En suivant donc la réflexion sur la subjectivité du spectateur prônée par Kandinsky et poursuivie par d’autres, qu’attendez-vous de ce dernier ?
Nous attendons que ce dernier éprouve ce que nous avons eu envie de lui faire éprouver. Nous faisons tout pour que nos pièces s’arrêtent juste avant l’évidence, afin de laisser à ce même spectateur une sortie.
Comment vous placez-vous par rapport aux autres peintres de votre génération ?
Nous les aimons tous, sans exception, pourvu que leur peinture soit nouvelle et qu’elle ne s’enferme pas dans le système qu’elle a créé. Qu’elle se renouvelle sans cesse.
Que signifie, à notre époque, travailler sur l’ombre et la lumière, qui évoque toujours l’école caravagesque ou celle de Georges de La Tour ?
Tout comme à l’époque du Caravage, ombre et lumière sont des facteurs originels, des oppositions inséparables, comme le haut et le bas, la gauche la droite, le sens horaire et « l’antihoraire ». L’un existe car l’autre existe.

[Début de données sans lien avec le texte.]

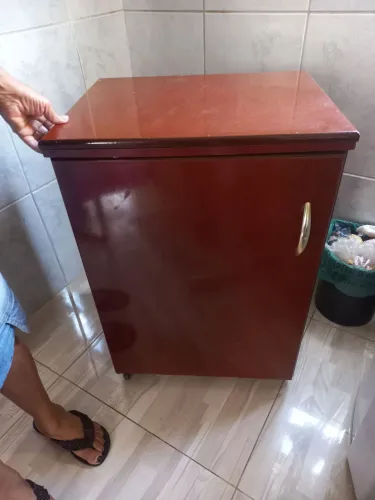 Móvel de maquina de costura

Ces notions dépassent l’idée d’époque. Quant à nous, nous évitons les sujets actuels qui nous intéressent moins que les sujets éternels.
Pourquoi privilégiez-vous le noir et blanc ?

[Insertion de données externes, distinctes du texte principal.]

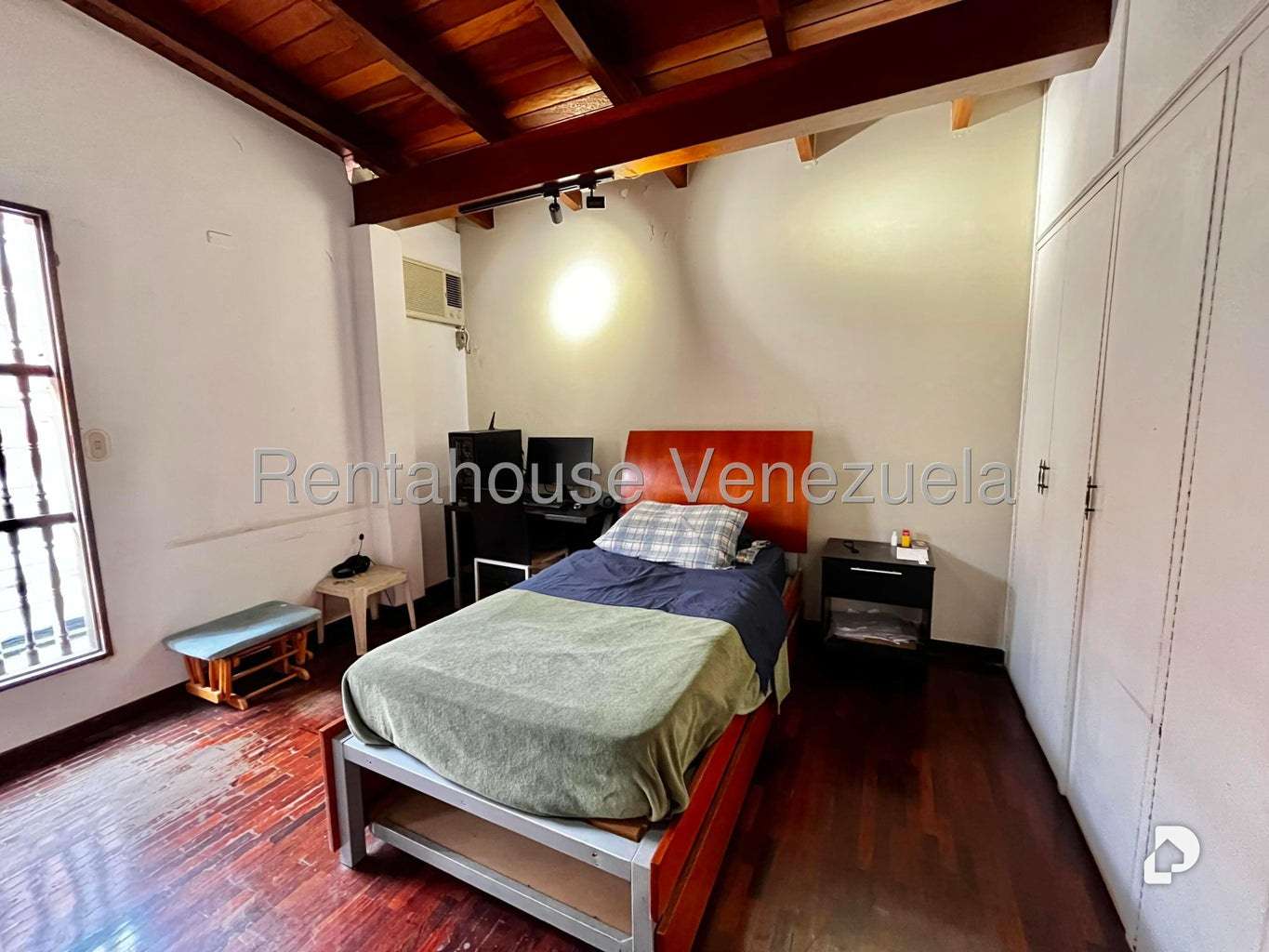 Casa en Prados del Este, Caracas – 31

Cette question n’est peut être plus d’actualité car nous venons justement de réaliser de grands formats très colorés pour sortir de notre image d’artistes noir & blanc. Dans nos expositions antérieures, nous le privilégiions car nous voulions réduire le champs à deux teintes (avec leurs dégradés) pour nous concentrer sur leurs possibles combinaisons. L’absence de couleur permet de concentrer le propos.
Comment s’articule le lien avec la vidéo, dans cette exposition en particulier, et dans votre travail en général ?
La vidéo déploie en mouvements ce que nous posons en peinture. La durée permet des enchaînements de motifs, des montées de rythmes, à la manière d’un ballet, pour aboutir à une explosion visuelle. Pour l’exposition chez Crèvecœur, Dots en étant le noyau, nous avons opéré à l’inverse : les nouvelles toiles font écho à la vidéo. Elles en reprennent le mouvement principal. Un lien quelque peu organique se développe ainsi entre les œuvres.